Investors lost hundreds of billions of dollars in companies with business models based on exploiting personal information obtained from Internet users. The lack of privacy protections led many to believe wrongly that personal data could be exploited without limit.

The Costs Consumers Incur When Privacy Is Not Protected

When laws and practices do not provide adequate protections for personal information, individuals act to protect themselves and their privacy. The costs incurred by individuals to protect themselves from unwanted view or intrusion constitute a privacy toll paid in both dollars and time. The privacy toll includes costs associated with higher prices, stopping junk mail and telemarketing calls, avoiding identity theft and protecting privacy on the Internet. A privacy sensitive family could spend between $200 and $300 and many hours annually to protect their privacy.

Supermarket frequent shopper cards and other registration and monitoring programs coerce consumers to sell their personal information for lower prices at the cash register. Customers unaware of or unwilling to sign up for these programs often pay more.

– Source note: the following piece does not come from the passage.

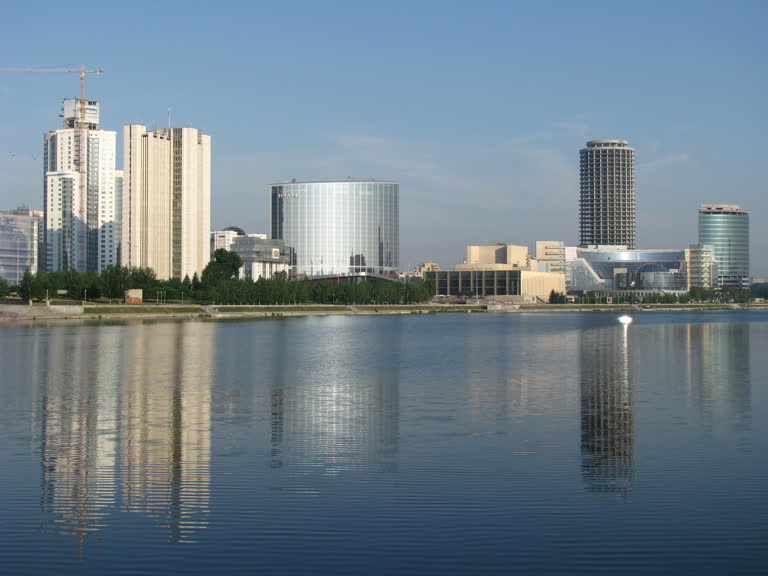 背景是一大片水域,背景是建筑物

Traditional junk mail is a longstanding consequence of the inability of individuals to control the collection, compilation, and sale of their personal information. The average person receives more than ten pieces of junk mail each week, of which nearly half is discarded unopened and unread. Opting out of junk mail often requires writing multiple letters, which is a small expense, but still a significant barrier for most individuals.

About 80% of Americans strongly object to receiving unsolicited sales calls and, to prevent or deter these telemarketing calls, many households buy services such as Caller ID, call waiting, answering machines or voice mail, and unlisted or unpublished numbers. Some estimate that 25% of households pay an average of $1.50/ month to be unlisted. The total price that telephone subscribers pay for privacy-protecting services is more than $400 million/year.

Identity theft is a growing threat that creates financial and other hardships for hundreds of thousands of individuals each year. Identity theft results in part from the ready availability of personal information and the lack of protections that would give individuals more control over that information. It can take years of hard work and hundreds or thousands of dollars in out-of-pocket expense before all vestiges of identify theft are removed from a victim's record. In the

interim, a victim of identity theft may be unable to obtain a job, purchase a car, or qualify for a mortgage. Government agencies advise individuals seeking protection against identity theft to purchase copies of credit reports annually or to subscribe to credit watch services.

Annual costs for a family can easily exceed one hundred dollars annually while estimates of losses for financial institutions appear to be in the hundreds of millions. Identity theft undermines consumer confidence, deters the growth of electronic commerce, and increases costs that may be passed on to consumers.

Unwanted commercial electronic mail, often called spam, imposes costs on Internet users who cannot control the collection and sale of their email addresses. Users spend hours each year downloading and deleting spam.

Spam also raises costs for Internet providers, delays service to users, and undermines the vitality of the Internet as a means of open communications. Estimates are that worldwide costs of spam range from $8-10 billion.

Broader effects of the lack of privacy cannot be measured in dollars. The effects on individuals and institutions due to the evolving "dossier society" are significant and often unwelcome. Non-economic interests protected by privacy policy and laws include avoiding solicitations, the exercise of First Amendment rights, and protection of children.